After reading over zend/zend_hash.h and ext/standard/array.c I think I have found the answer (Thankyou Chris and gumbo for the suggestions).
The PHP array is a chained hash table (lookup of O(c) and O(n) on key collisions) that allows for int and string keys. It uses 2 different hashing algorithms to fit the two types into the same hash key space. Also each value stored in the hash is linked to the value stored before it and the value stored after (linked list). It also has a temporary pointer which is used to hold the current item so the hash can be iterated.
The catch for the array_rand
function is that in order to assure that key is truly random, the array_rand
function must iterate over the array rand(0, count($array))
times (O(n)). This is because there is no way to move to an offset in the hash table in O(c) time because there is no guarantee that there isn't missing keys in the range.

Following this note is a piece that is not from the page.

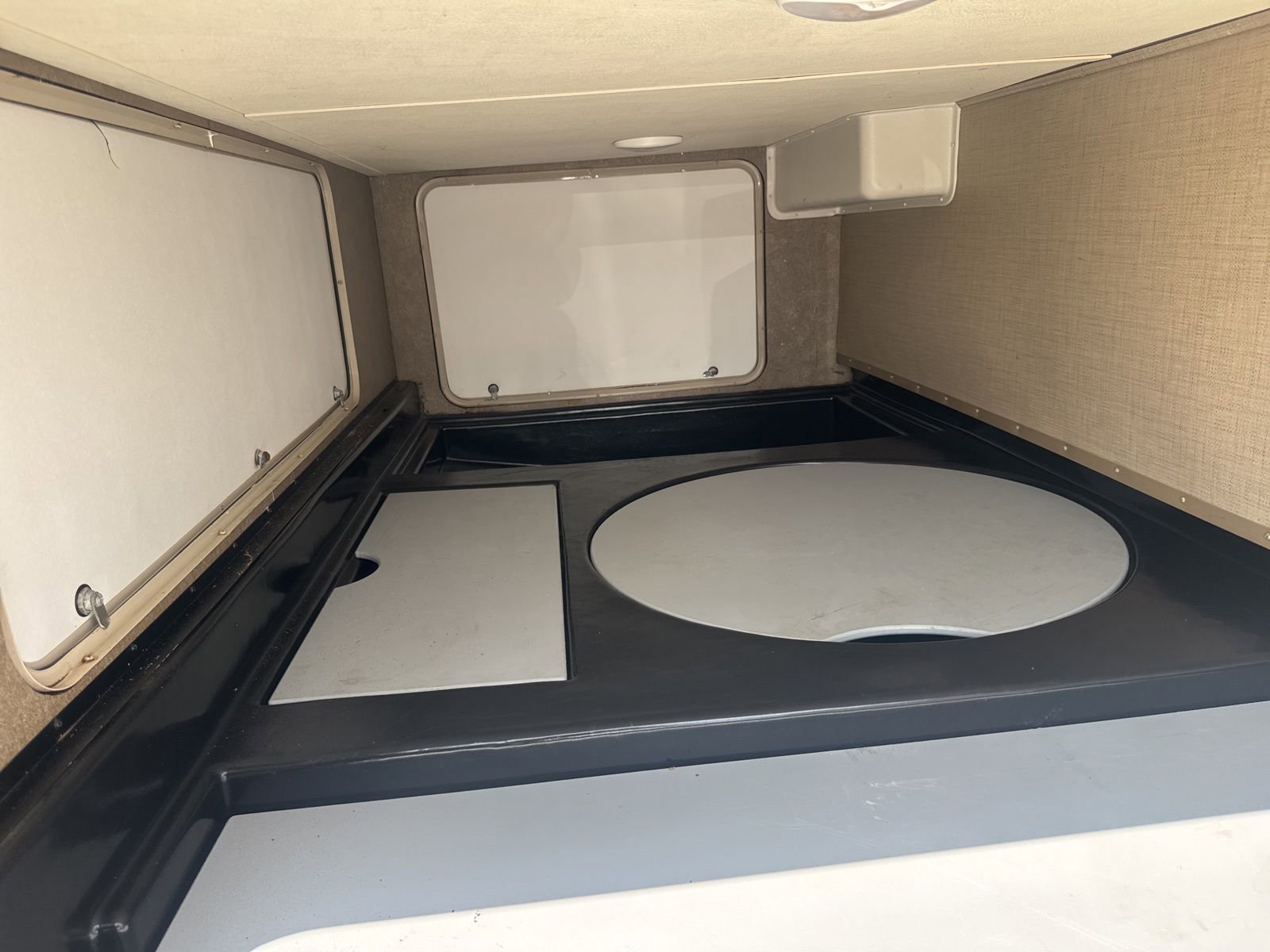 Used 2018 Ford E-450 and Econoline 450 Super Duty w/ Motorhome Prep Package RWD image 51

This discovery has somewhat troubled me, because it means there is NO datatype in PHP that has normal C array characteristics. Now most of the time this is ok, because hash lookups are very faster, but it's faults show through in cases like array_rand
.
Another thing that also troubled me was the difference between the implementation of array_key_exists
and in_array
. array_key_exists
uses the hash lookup (most of the time O(c)) to see if a key is in the array, while in_array
has to linearly search the hash (O(n)).
Consider the two examples below:
in_array version
$array = range(0, 100000);
if( in_array( $random_key, $array ) ) {
//we found a value
}
array_key_exists version
$array = array_fill_keys( range(0, 100000), NULL );
if( array_key_exists( $random_key, $array ) ) {
//we found a value, err key
}
While the in_array version looks much cleaner and simpler to understand, it's actually very slow on large arrays (O(n)), where array_key_exists (despite is annoyingly long name) is very fast (O(c) or close).
In conclusion:
I wish there was a transparent flag in the zend HashTable data-structure that would be set in cases where the array was created using array_push
or array[] = $value
that would allow for scaling like a C array instead of a linked list.